• **EXERCISE INSTRUCTIONS**: Starting at the line that contains "Used 2021 Chevrolet", retype each line to the end of the listing below. Include both ends, but not the pictures.

• **RECORDS FOR THE TASK**:

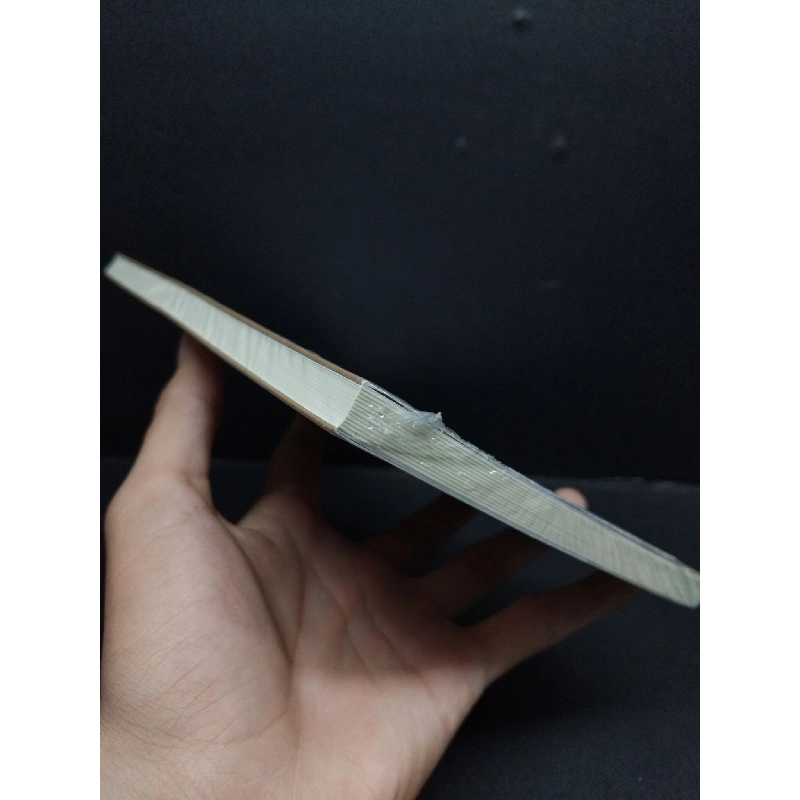 Ăn, Uống, Nói, Cười & Khóc mới 100% HCM0107 Trần Huiền Ân VĂN HỌC 916031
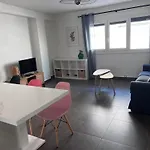 Chambre Cosy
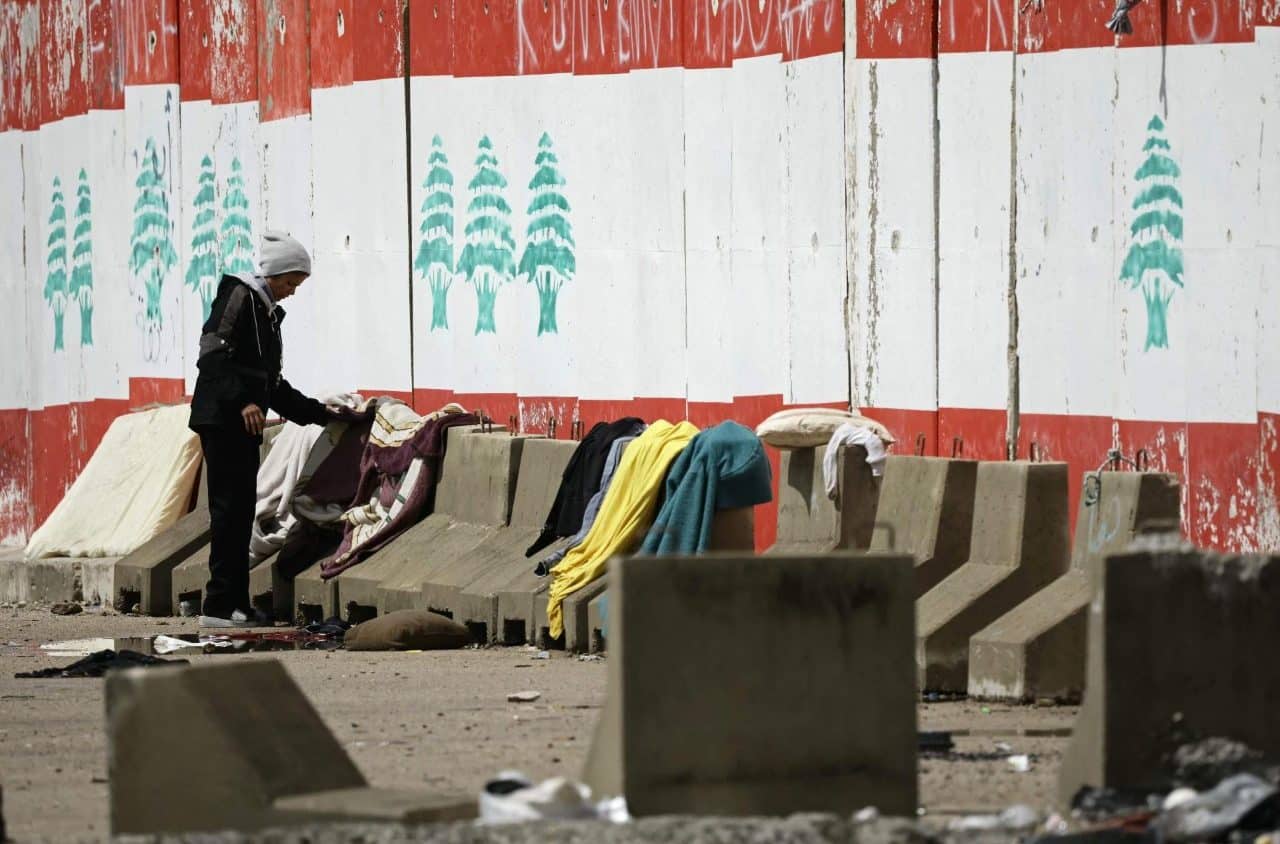 Pope on Middle East: ‘What harms them, harms all of humanity’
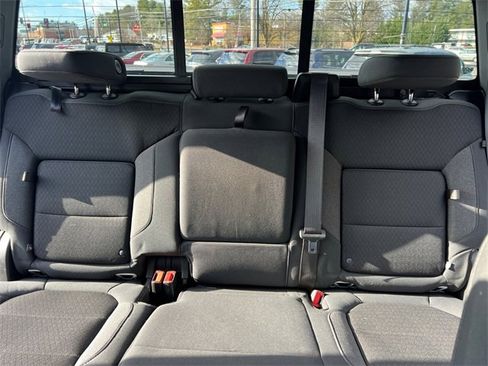 Used 2021 Chevrolet Silverado 1500 RST w/ Convenience Package II image 31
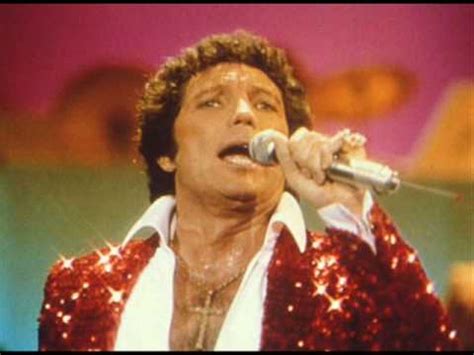 Sir thomas jones woodward, kbe (born 7 june 1940), best known by his stage name, tom jones, is a welsh pop singer particularly noted for his powerful voice. TOM JONES-SEND IN THE CLOWNS - YouTube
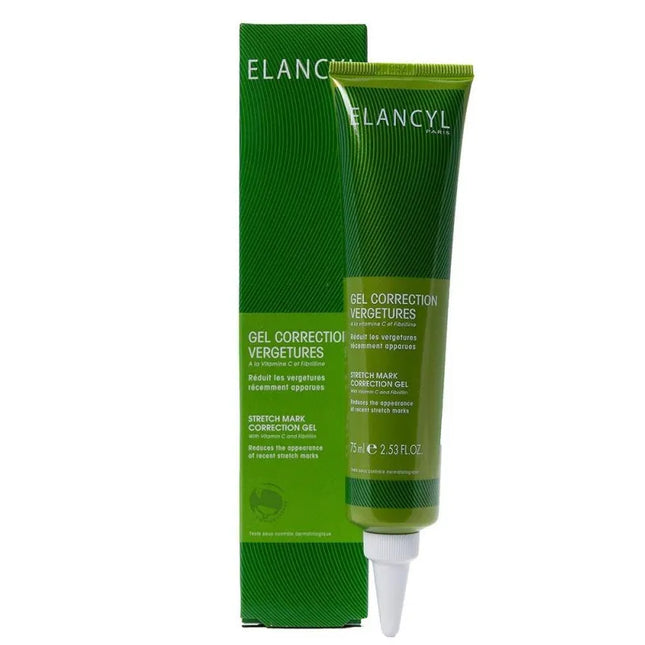 Elancyl Stretch Mark Corrector, 75 ml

• **EXERCISE RESPONSE**:
 Used 2021 Chevrolet Silverado 1500 RST w/ Convenience Package II image 31
 Sir thomas jones woodward, kbe (born 7 june 1940), best known by his stage name, tom jones, is a welsh pop singer particularly noted for his powerful voice. TOM JONES-SEND IN THE CLOWNS - YouTube
 Elancyl Stretch Mark Corrector, 75 ml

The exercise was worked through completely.